The museum itself is a terrifically interesting and dignified exhibit. Thousands of artifacts and hundreds of informational displays. The one that sticks in my memory is a single melted and burned driver's license found on the streets below and now exhibited behind glass—the license of a passenger on one of the planes. This is one of the best museums I've ever seen.
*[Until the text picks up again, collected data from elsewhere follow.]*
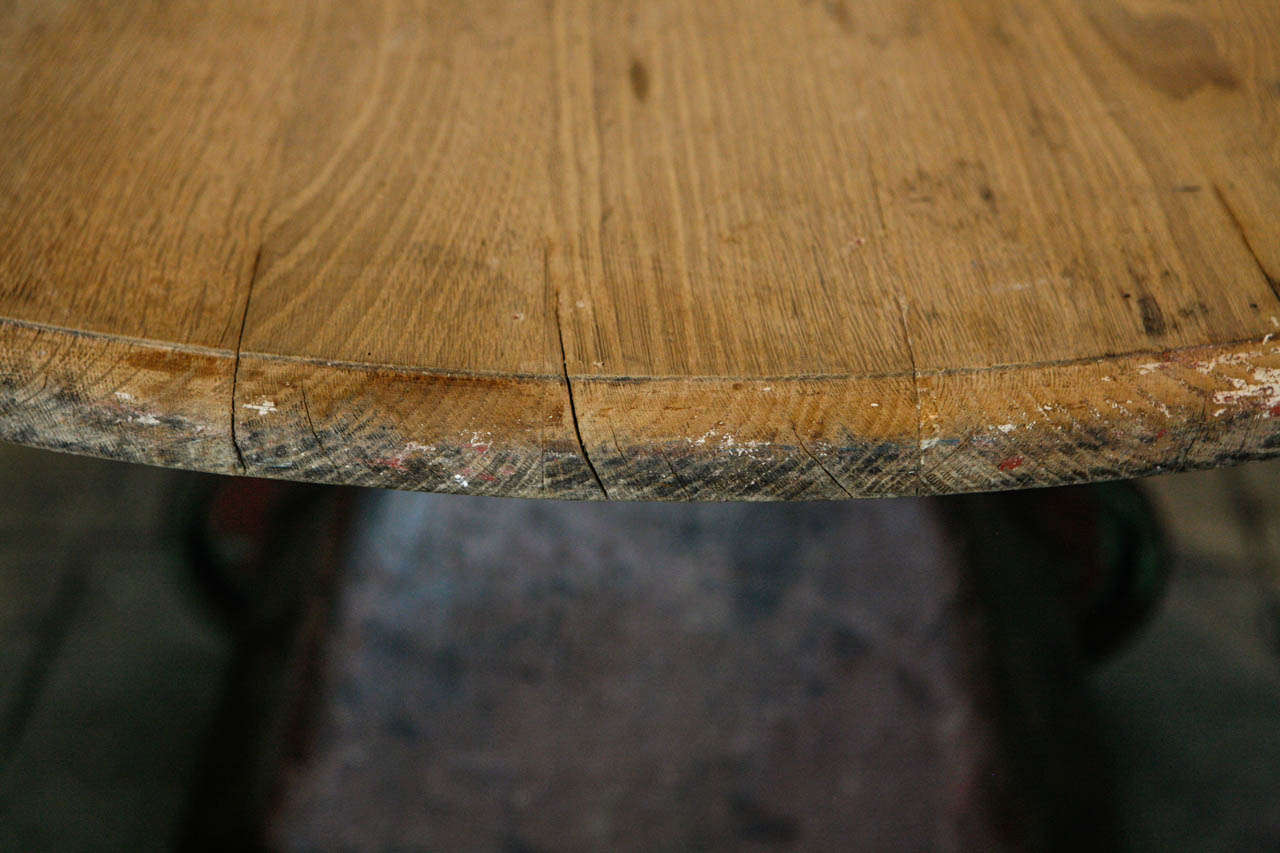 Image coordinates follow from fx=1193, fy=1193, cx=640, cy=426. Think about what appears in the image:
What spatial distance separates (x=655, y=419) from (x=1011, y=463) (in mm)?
107

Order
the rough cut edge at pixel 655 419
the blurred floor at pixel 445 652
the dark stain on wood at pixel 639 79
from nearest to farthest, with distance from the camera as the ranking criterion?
1. the rough cut edge at pixel 655 419
2. the dark stain on wood at pixel 639 79
3. the blurred floor at pixel 445 652

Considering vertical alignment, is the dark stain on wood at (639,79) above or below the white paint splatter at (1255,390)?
above

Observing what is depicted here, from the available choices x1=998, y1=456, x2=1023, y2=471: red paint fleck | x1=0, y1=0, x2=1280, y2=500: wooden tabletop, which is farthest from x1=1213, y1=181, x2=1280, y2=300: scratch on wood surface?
x1=998, y1=456, x2=1023, y2=471: red paint fleck

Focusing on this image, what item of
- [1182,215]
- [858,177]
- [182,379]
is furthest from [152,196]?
[1182,215]

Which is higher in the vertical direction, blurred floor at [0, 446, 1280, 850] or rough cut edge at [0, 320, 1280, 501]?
rough cut edge at [0, 320, 1280, 501]

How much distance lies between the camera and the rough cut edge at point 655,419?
0.34m

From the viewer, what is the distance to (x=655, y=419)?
34cm

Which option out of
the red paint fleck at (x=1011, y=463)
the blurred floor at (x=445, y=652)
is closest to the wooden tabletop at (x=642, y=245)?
the red paint fleck at (x=1011, y=463)

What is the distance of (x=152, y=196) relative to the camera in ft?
1.34

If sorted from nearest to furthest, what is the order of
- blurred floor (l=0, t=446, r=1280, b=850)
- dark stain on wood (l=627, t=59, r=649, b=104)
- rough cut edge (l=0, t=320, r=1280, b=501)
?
rough cut edge (l=0, t=320, r=1280, b=501)
dark stain on wood (l=627, t=59, r=649, b=104)
blurred floor (l=0, t=446, r=1280, b=850)

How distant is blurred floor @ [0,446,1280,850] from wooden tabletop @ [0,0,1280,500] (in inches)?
9.8

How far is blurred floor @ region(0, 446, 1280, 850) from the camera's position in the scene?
2.09 feet

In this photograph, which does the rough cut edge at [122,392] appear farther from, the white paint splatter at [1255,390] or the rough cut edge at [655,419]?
the white paint splatter at [1255,390]

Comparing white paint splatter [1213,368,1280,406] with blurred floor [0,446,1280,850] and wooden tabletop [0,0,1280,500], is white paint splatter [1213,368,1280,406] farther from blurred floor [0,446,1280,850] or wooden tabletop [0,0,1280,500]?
blurred floor [0,446,1280,850] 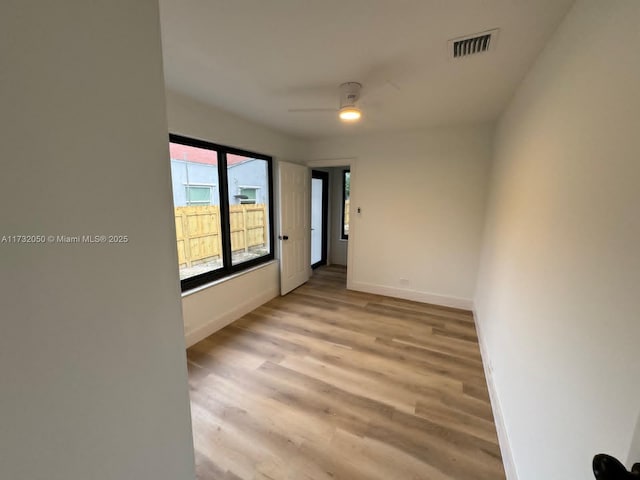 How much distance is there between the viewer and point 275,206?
3.74 m

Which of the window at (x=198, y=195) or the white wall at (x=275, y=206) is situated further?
the window at (x=198, y=195)

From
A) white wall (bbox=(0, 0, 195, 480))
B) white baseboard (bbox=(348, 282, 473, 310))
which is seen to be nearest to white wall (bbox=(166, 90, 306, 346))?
white baseboard (bbox=(348, 282, 473, 310))

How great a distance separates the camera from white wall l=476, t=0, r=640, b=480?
2.39 feet

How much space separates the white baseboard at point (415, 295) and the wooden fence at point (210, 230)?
1816mm

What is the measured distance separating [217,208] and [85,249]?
7.97 feet

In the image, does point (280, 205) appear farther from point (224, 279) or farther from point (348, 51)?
point (348, 51)

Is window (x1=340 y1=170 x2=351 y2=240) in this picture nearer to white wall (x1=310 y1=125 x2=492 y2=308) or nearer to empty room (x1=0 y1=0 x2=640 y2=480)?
white wall (x1=310 y1=125 x2=492 y2=308)

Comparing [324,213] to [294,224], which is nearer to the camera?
[294,224]

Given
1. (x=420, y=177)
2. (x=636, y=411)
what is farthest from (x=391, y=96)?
(x=636, y=411)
• In the late afternoon, I happen upon Madison Square Park across from the Flatiron building, where a Filipino-American celebration is going on in the park and on the adjacent segment of Madison Avenue, which has been shut down for the day. I am 5 ft. 7" tall, and I'm interested to find that I'm well above average in height in a crowd of Asian men. The pretty young Filipino women seem to have a proscribed costume for the day: reflective aviator sunglasses and New York Yankees ball caps, with their long black hair pulled back through the opening in the back. It's an indication of the sheer size of this city's population that a Filipino celebration can bring out so many thousands of people.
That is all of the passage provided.